UC Santa Cruz

DNA Polymerases (DNAPs) are enzymes that make DNA molecules by assembling nucleotides and are responsible for copying the genome in all cells. Fidelity in genome replication is essential for genome integrity. Replication errors could lead to mutations which lead to diseases, including cancer. DNAPs selectively bind a deoxyribonucleoside triphosphate (dNTP) that is complementary to the template nucleotide of the DNA they are copying. After the covalent incorporation of a complementary nucleotide into the newly synthesized DNA strand, the DNAP moves onto the next template nucleotide in the translocation step driven by thermal fluctuations, allowing for a new round of binding. The binding and incorporation of a nucleotide, along with the translocation step, consist of a full nucleotide addition cycle. Nanopore experiments allow us to observe the DNAP translocation along the template strand with single-nucleotide spatial precision and millisecond temporal resolution. We develop mathematical formulations and methods to infer the kinetic details of the nucleotide addition cycle from dwell time data obtained from the nanopore experiments. We fully characterize the uncertainty in the inferred kinetic details, and show that the uncertainty can be controlled in experimental design.
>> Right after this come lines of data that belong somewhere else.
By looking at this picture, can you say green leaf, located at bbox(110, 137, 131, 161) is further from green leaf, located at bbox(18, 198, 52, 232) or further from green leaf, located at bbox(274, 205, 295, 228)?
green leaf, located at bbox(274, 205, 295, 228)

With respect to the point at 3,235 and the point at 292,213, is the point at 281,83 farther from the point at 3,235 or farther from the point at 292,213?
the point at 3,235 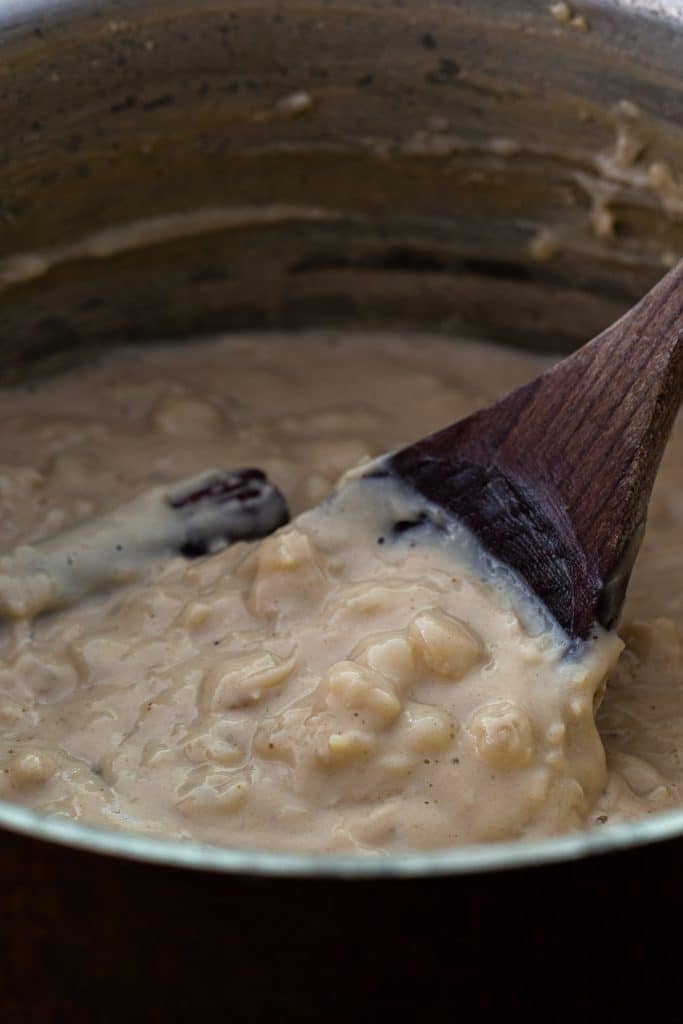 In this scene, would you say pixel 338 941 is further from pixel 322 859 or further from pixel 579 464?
pixel 579 464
We show that a dimensionless quantity based on the randomness parameter provides a lower and upper bounds on the number of biochemical states in the polymerization (pol) step of a replication cycle. Understanding the kinetic details of the nucleotide addition cycle is essential to elucidating the mechanisms which regulate fidelity. The inference methods we developed can be applied to other single molecule experiments in which dwell time samples are observable. More importantly, the analysis results and methods for designing optimal experimental conditions will motivate more meaningful and informative single molecule measurements.